Teenager turns self in after attack on German politician

A 17-year-old has turned himself in to police in Germany after an attack on a lawmaker that the country's leaders decried as a threat to democracy.

Teenager turns self in after attack on German politician

The teenager reported to police in the eastern city of Dresden early Sunday morning and said he was “the perpetrator who had knocked down the SPD politician”, police said in a statement.

Matthias Ecke, 41, European parliament lawmaker for Chancellor Olaf Scholz’s Social Democrats (SPD), was set upon by four attackers as he put up EU election posters in Dresden on Friday night, according to police.

Ecke was “seriously injured” and required an operation after the attack, his party said.

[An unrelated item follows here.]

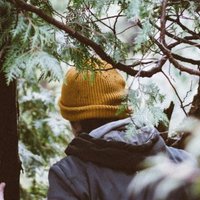 rob 🌿 (@robably__) 's Twitter Profile Photo rob 🌿 (@robably__) 's Twitter Profile Photo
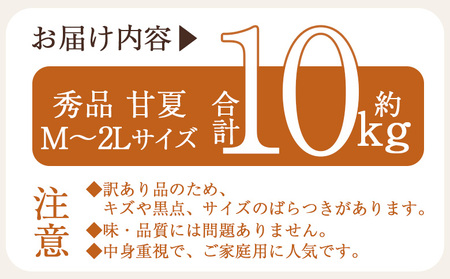 ＜秀品 甘夏 (M～2Lサイズ) 約10kg＞ あまなつ 愛媛 蜜柑 ミカン みかん 果物 フルーツ 柑橘 国産 秀品 ギフト 贈答用 贈り物 贈物 プレゼント 愛媛県産 西予市産 西宇和 特産品 丸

Scholz on Saturday condemned the attack as a threat to democracy.

“We must never accept such acts of violence,” he said.

Ecke, who is head of the SPD’s European election list in the Saxony region, was just the latest political target to be attacked in Germany.

Police said a 28-year-old man putting up posters for the Greens had been “punched” and “kicked” earlier in the evening on the same Dresden street.

Last week two Greens deputies were abused while campaigning in Essen in western Germany and another was surrounded by dozens of demonstrators in her car in the east of the country.

According to provisional police figures, 2,790 crimes were committed against politicians in Germany in 2023, up from 1,806 the previous year, but less than the 2,840 recorded in 2021, when legislative elections took place.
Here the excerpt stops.